Read replicas are asynchronous physical replicas. They serve read-only traffic and double as a disaster-recovery target in another region. Asynchronous means non-zero RPO – replication lag – so a replica is a DR option, not an HA substitute. Create one in the same or a different region:

az postgres flexible-server replica create \
  --resource-group rg-data-westus2 \
  --replica-name pg-prod-westus2-ro \
  --source-server "/subscriptions/<sub>/resourceGroups/rg-data-eastus2/providers/Microsoft.DBforPostgreSQL/flexibleServers/pg-prod-eastus2" \
  --location westus2

Point reporting and read-heavy queries at the replica’s own FQDN. Watch lag with the platform metric read_replica_lag_in_seconds (or query pg_stat_replication on the primary) and alert on it – a replica silently falling hours behind is a DR target that will lose hours of data.

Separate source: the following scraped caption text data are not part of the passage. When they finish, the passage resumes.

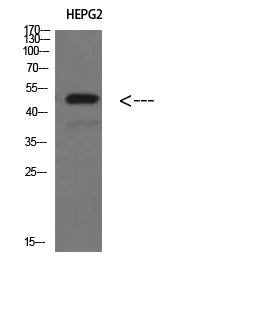 TRAF1 Rabbit Polyclonal Antibody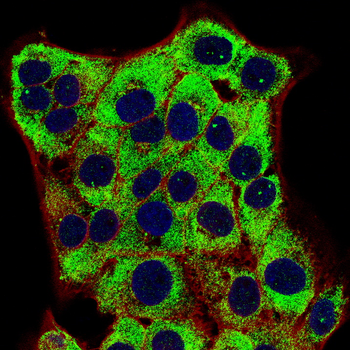 RXRA Antibody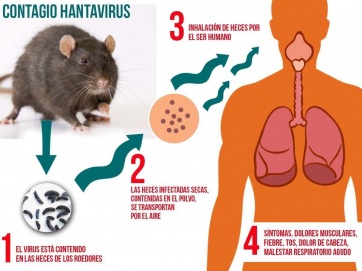 Hantavirus: se suspendieron todas las fiestas populares en la Comarca Andina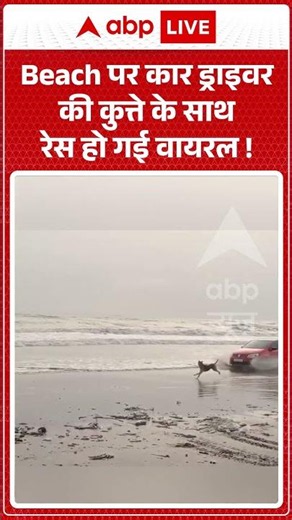 Viral Video : Beach पर कार ड्राइवर की कुत्ते के साथ रेस हो गई वायरल ! | #NalasoparaNews #RajodiBeach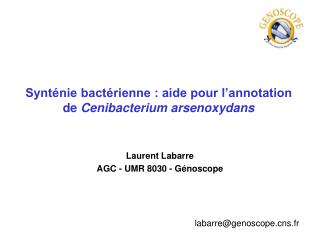 Synténie bactérienne : aide pour l’annotation de Cenibacterium arsenoxydans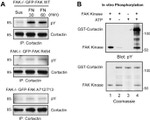 Phospho-FAK (Tyr397) Antibody in Western Blot (WB)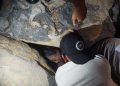 Viral Pencuri Terekam CCTV Saat Membobol Warung di Pakan Senayan Koto Nan 4
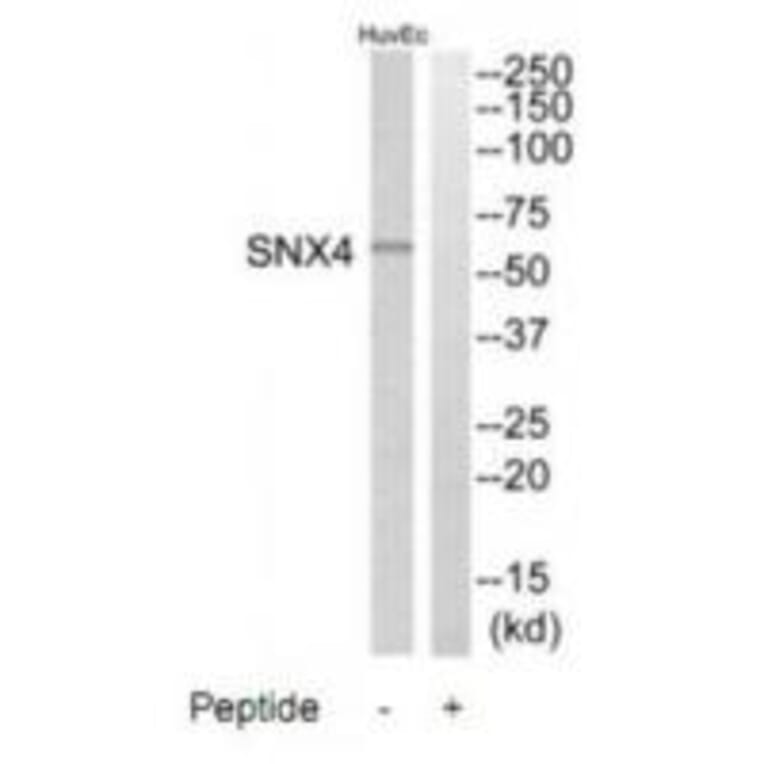 Western blot - SNX4 Antibody from Signalway Antibody (35071) - Antibodies.com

Promotion is the DR action. Flexible Server gives you two promote semantics, and choosing the wrong one is a classic mistake:

# DR: promote the replica to a standalone read-write server.
az postgres flexible-server replica promote \
  --resource-group rg-data-westus2 \
  --name pg-prod-westus2-ro \
  --promote-mode standalone \
  --promote-option forced

A replica is only a credible DR target if you have promoted one in a drill and repointed an app at it. The most expensive surprise is discovering at 3am that promotion is one-way: once you promote forced, that replica is now an independent primary and the original replication relationship is gone. Rehearse on a disposable copy first.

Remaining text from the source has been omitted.